Collected data entries
________________

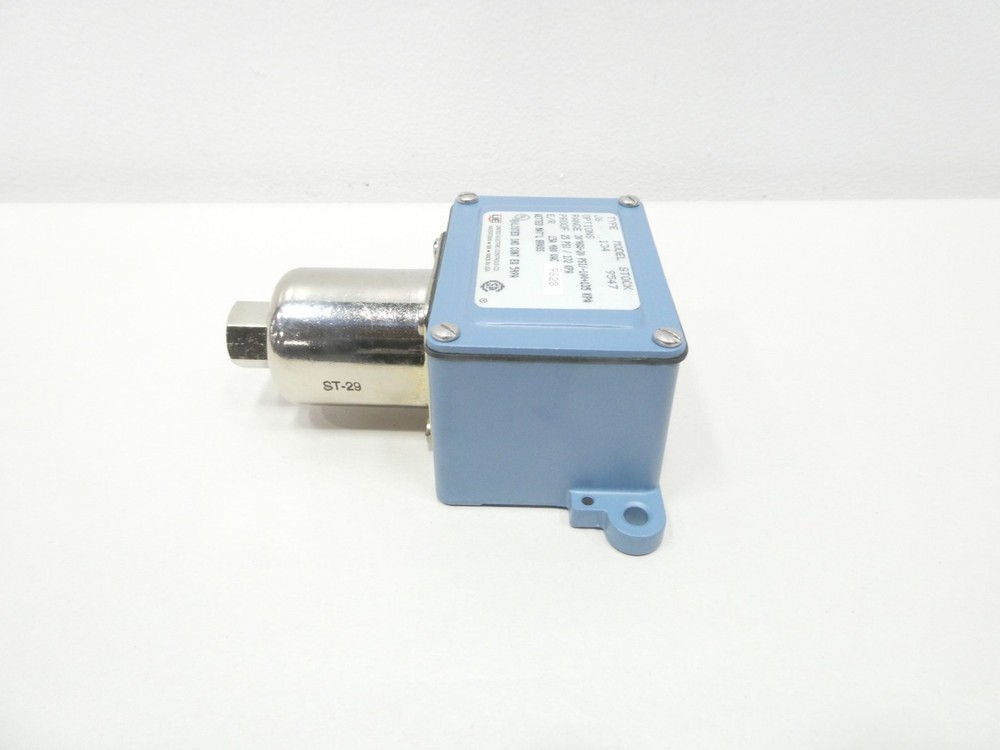 United Conveyor J6-134 Pressure Switch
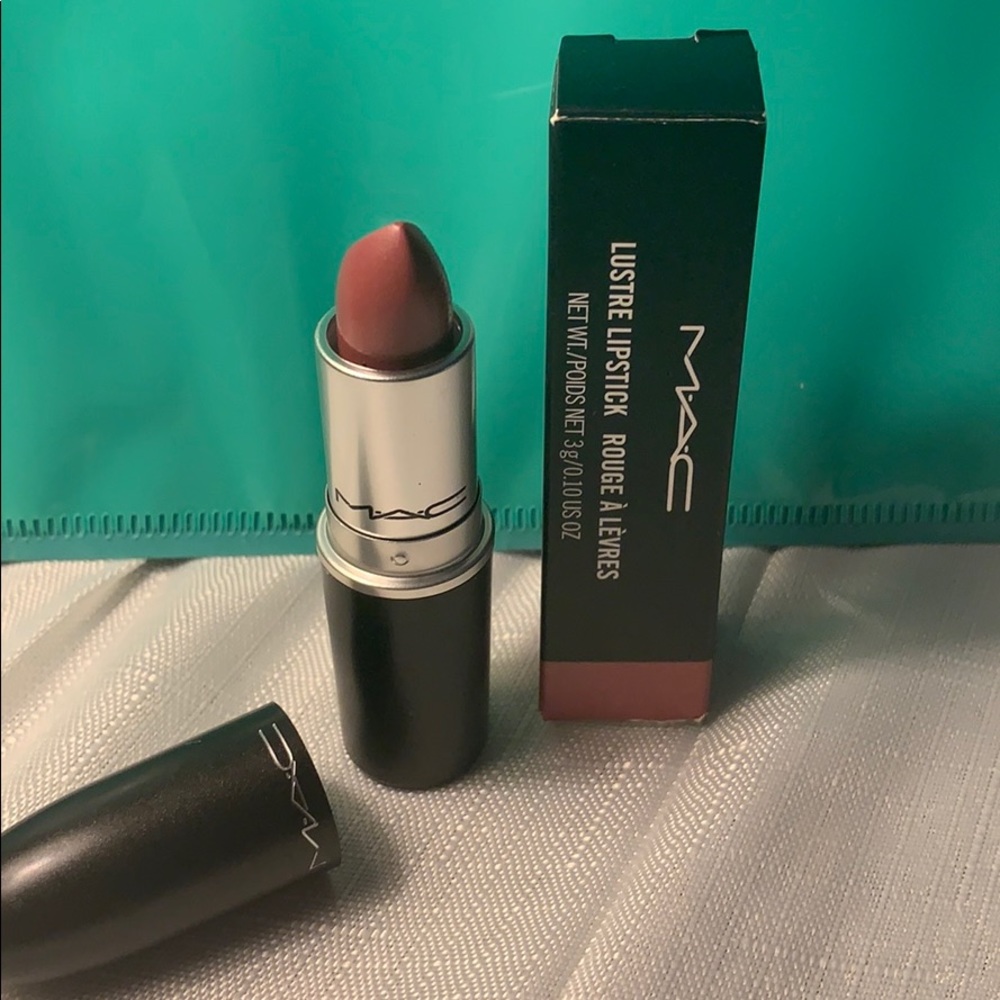 MAC lipstick shade “SYRUP “
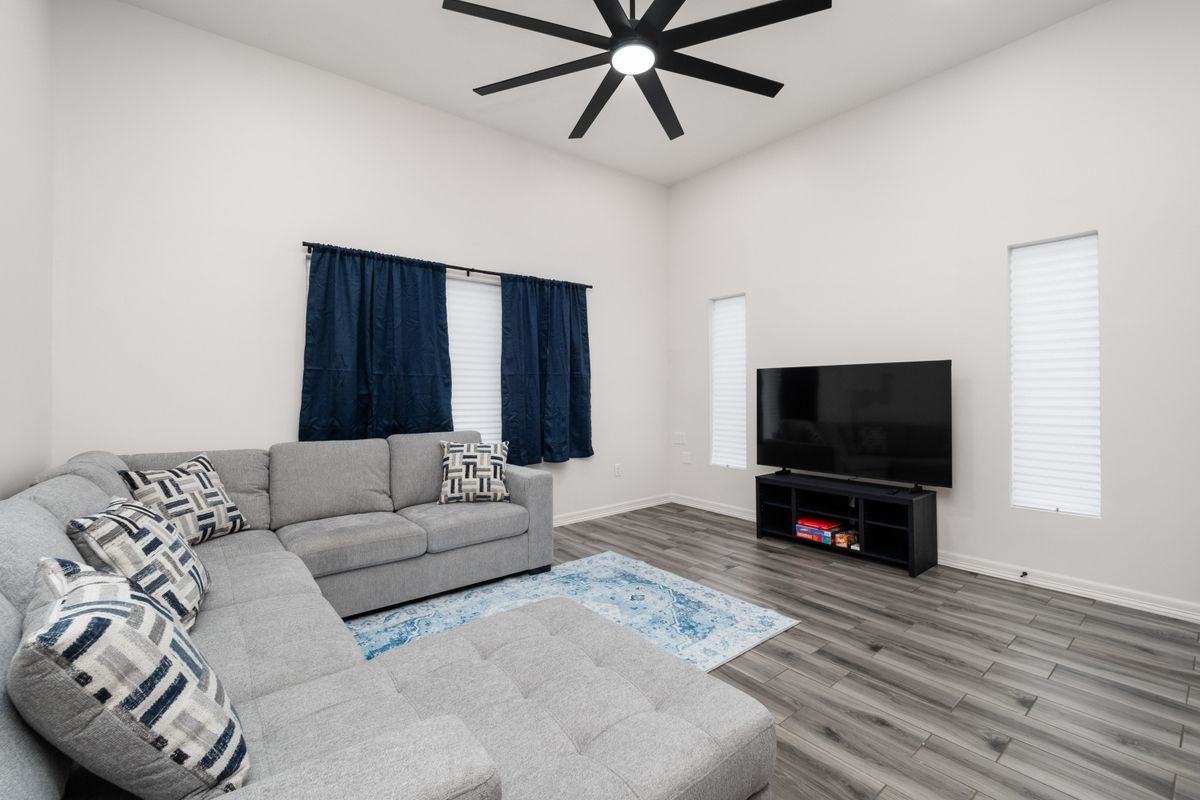 3569 Hidalgo Cir ##D - Photo 4 of 14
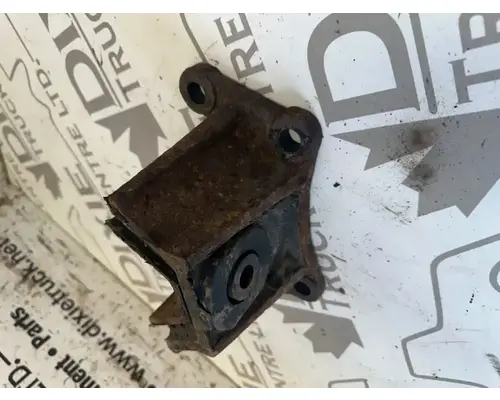 International MAXXFORCE DT Engine Mounts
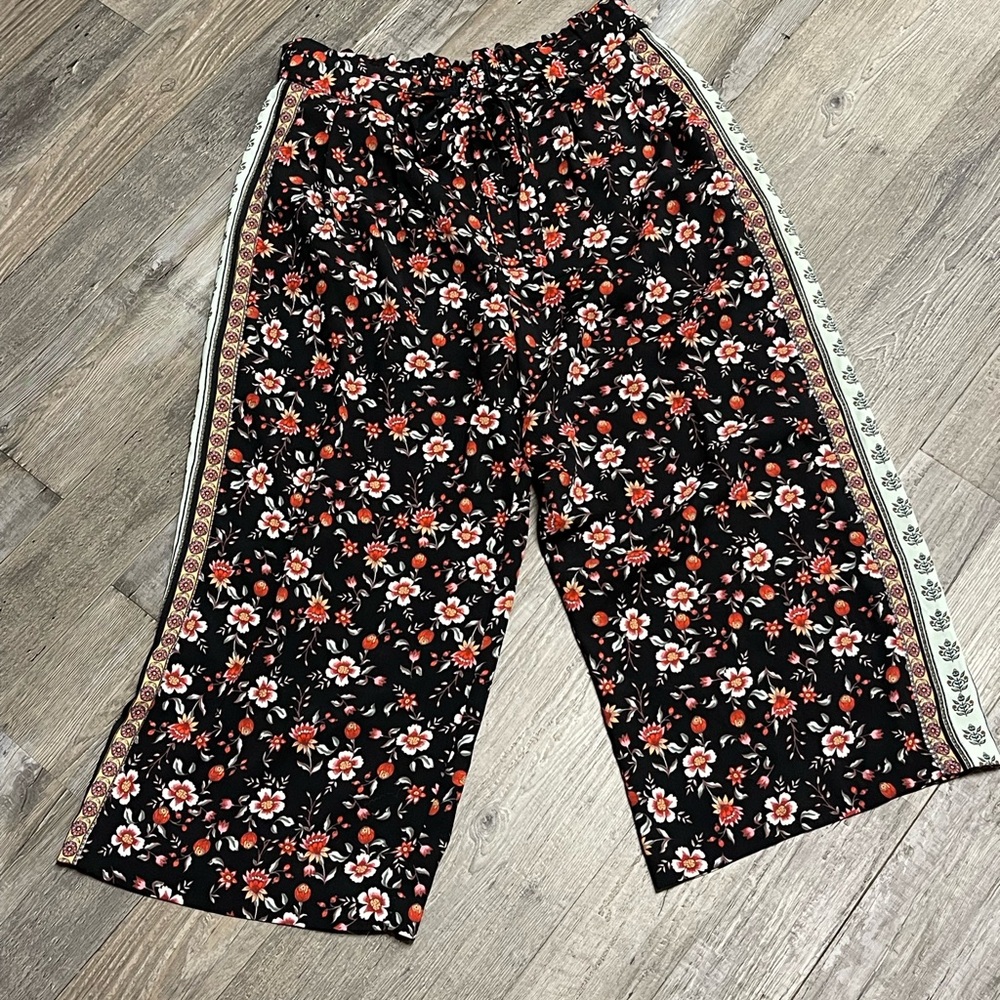 Lightweight Wide Legged Cropped Palazzo Pants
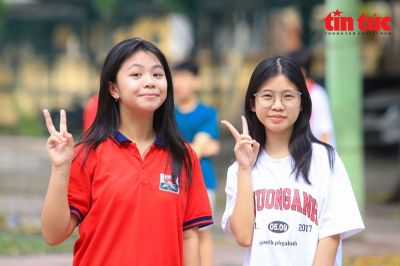 Khoảng 125.000 học sinh Hà Nội bước vào kỳ thi lớp 10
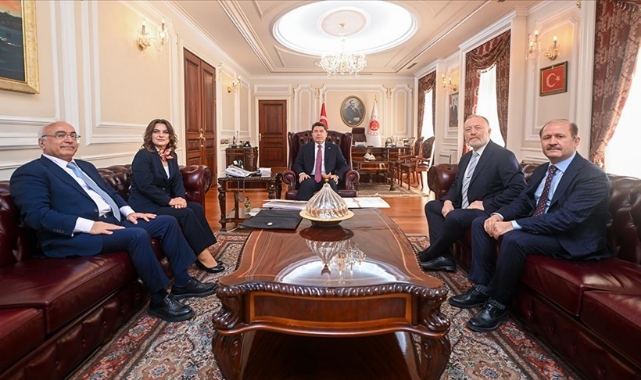 Adalet Bakanı Tunç, DEM Parti Heyetini Kabul Etti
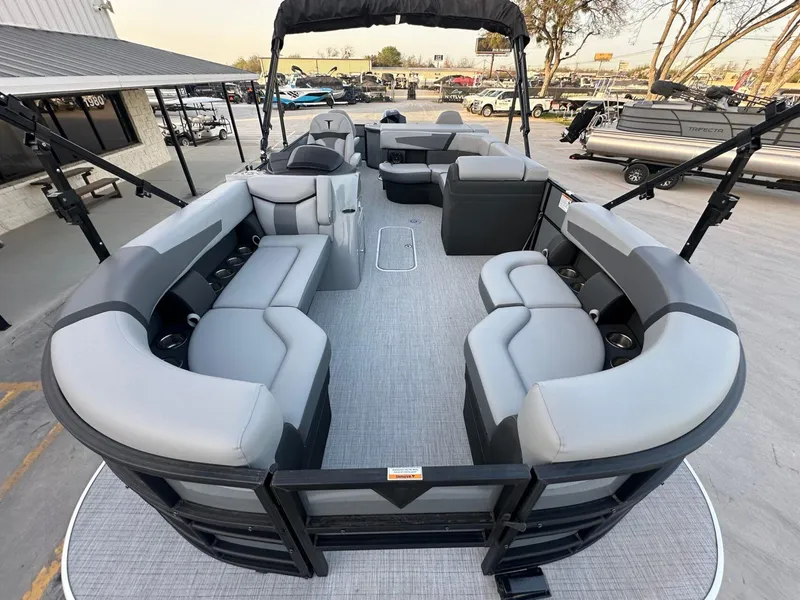 Slide: The Image of Trifecta 24 RFCC S3 2025 - 34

________________

#### [EXERCISE DIRECTIONS]
From the line containing "Lightweight Wide Legged" through the last line of the entries, copy each line exactly and only those, skipping all pictures.

#### [PROBLEM SOLUTION]
 Lightweight Wide Legged Cropped Palazzo Pants
 Khoảng 125.000 học sinh Hà Nội bước vào kỳ thi lớp 10
 Adalet Bakanı Tunç, DEM Parti Heyetini Kabul Etti
 Slide: The Image of Trifecta 24 RFCC S3 2025 - 34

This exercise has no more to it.